Почти двадцать лет спустя — в марте 1967 года — «Новый мир» опубликовал повесть «Трава забвения» — «художественную автобиографию», как назвал ее Ираклий Андроников. Главы уже печатались в «Известиях» и «Огоньке», но после новомирского издания повесть на десятилетие стала бестселлером. Катаев вспоминал о молодости, о друзьях, о литературной Одессе эпохи Гражданской войны и литературной Москве 20-х годов. Одна из сюжетных линий «Травы забвения» — история смерти отца, чувство вины перед которым все еще мучит героя-повествователя. Она почти цитатно воспроизводит соответствующие фрагменты повести «Отец». Одесская ЧК, тюрьма и гараж тоже описаны в «Траве забвения». Только теперь все это не имеет к герою никакого отношения. В чекистской тюрьме сидят контрреволюционеры, бандиты и спекулянты, их и расстреливают чекисты в гараже. А герой хоть и бывший офицер, но вовсе не аполитичен, он искренне принял революцию, работает в советских изданиях, ездит в журналистские командировки, одесские чекисты и руководители городской администрации — его приятели и добрые знакомые. В их числе и Сергей Ингулов. Чекист, публицист, тогдашний председатель губкома. Ингулов и предложил писателям актуальнейший политический сюжет — о «девушке из партшколы». В «Траве забвения» он пересказан Катаевым. Комсомолка, «девушка из партшколы» помогла чекистам «ликвидировать опасный контрреволюционный заговор», во главе которого стоял «молодой врангелевский штабс-капитан. И надо было начинать с него. Это было очень трудно. Офицер был чрезвычайно осторожен». Однако штабс-капитан случайно познакомился с девушкой. «Она не знала, кто он. Он не знал, кто она. В Губчека ей объяснили, с кем она познакомилась, и приказали влюбить в себя штабс-капитана. Задание было выполнено с лихвой: она не только влюбила его в себя, но влюбилась сама и не скрыла этого от заведующего секретно-оперативным отделом Губчека». Чекист взял с нее слово довести дело до конца. «Девушка торопила. Она говорила, что больше не может вынести этой пытки». И все же «твердо исполнила свой партийный, революционный долг, ни на минуту не выпуская из виду своего возлюбленного, до тех пор, пока они не были вместе арестованы, сидели рядом в камерах, перестукивались, пересылали записки. Затем он был расстрелян, она освобождена».
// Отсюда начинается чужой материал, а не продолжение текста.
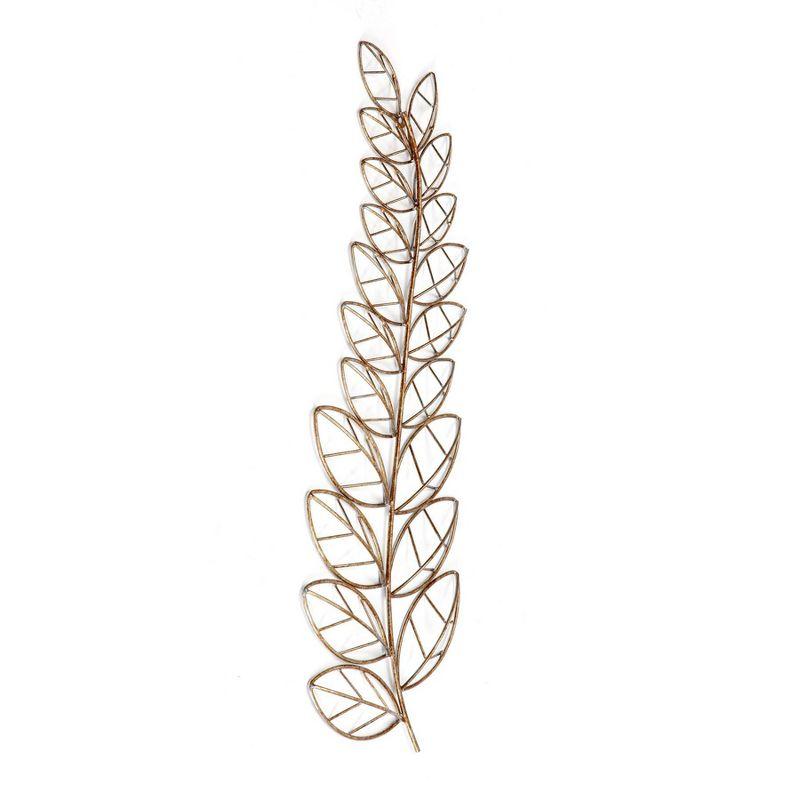 Brewster Eber Leaves Metal Wall Art: Iron Fern Sculpture, Copper Patina Finish, 33" Wide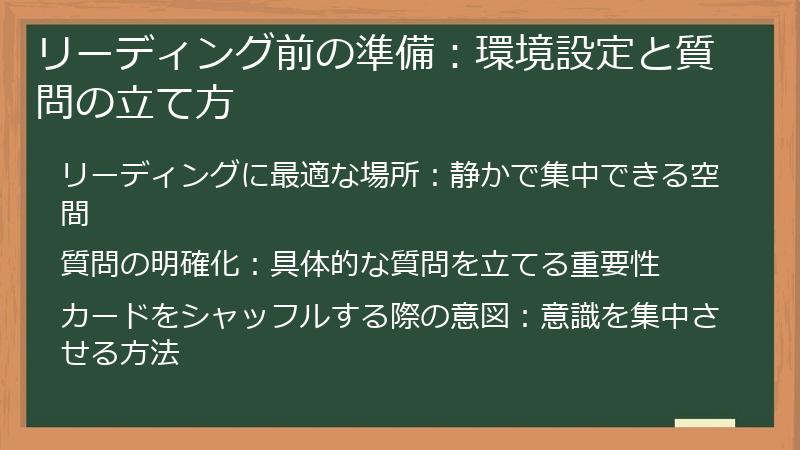 リーディング前の準備：環境設定と質問の立て方
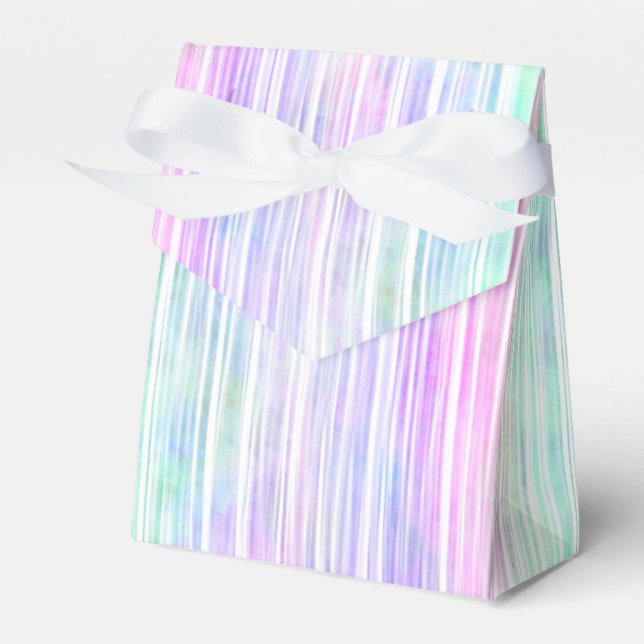 pale rainbow brush stroke stripes : favor box (Front Side)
«Поэты и поэтессы, — восклицал (по словам Катаева) Ингулов, — вы сумели воспеть любовь Данте и Беатриче, разве вам не постичь трагической любви штабс-капитана и девушки из партшколы?» Если так, то «почему же вы молчите?».
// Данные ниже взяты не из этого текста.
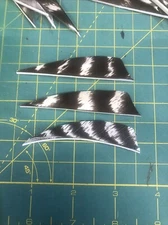 3" Left Wing Shield Natural Barred Feather Fletching, 25Pk Archery 🇺🇸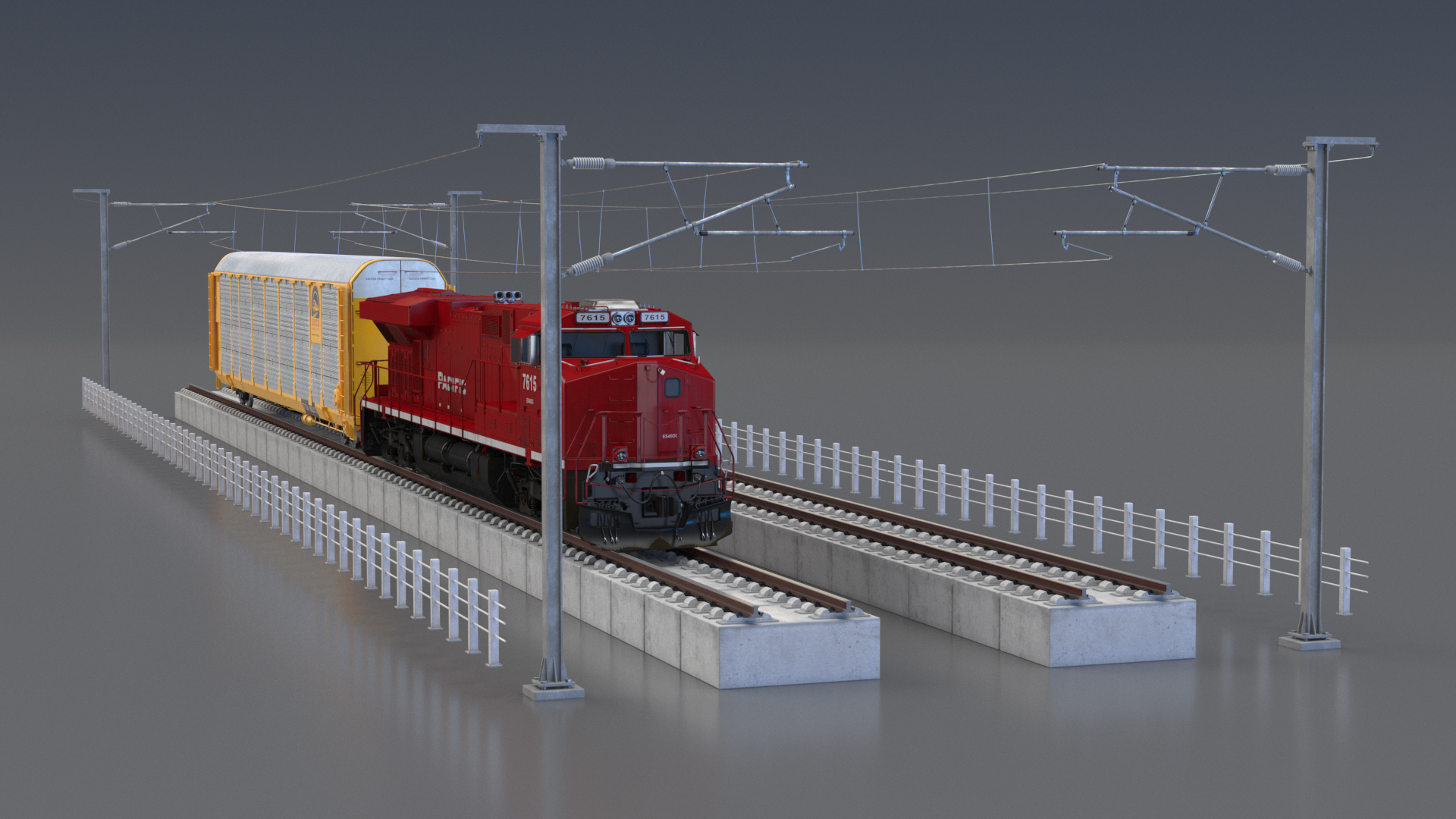 3D Freight Train with Autorack Train Car on Railway model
Они конечно же не молчали. Их герои и героини с энтузиазмом отрекались от семьи, убивали или предавали во имя идеи отцов, братьев, сестер, невест, женихов, возлюбленных, мужей, жен и т. д. Сюжеты вроде ингуловского вообще характерны для советской литературы. И не с Ингулова началось. Идея, как известно, древнейшая, да и сам по себе прием обусловлен задачей: величие идеи наилучшим образом оценивается по масштабу принесенной во имя нее жертвы. Однако советские писатели не просто восприняли традицию. Тема предательства во имя идеи, в мировой культуре, что называется, маргинальная, стала центральной в советской. К 50-м годам сложился своего рода культ предательства, культ отречения. Зато в годы хрущевской «оттепели» и брежневского «застоя» накал истерического поклонения всякого рода павликам морозовым несколько снизился. И тогда Катаев осмыслил ингуловский сюжет по-своему.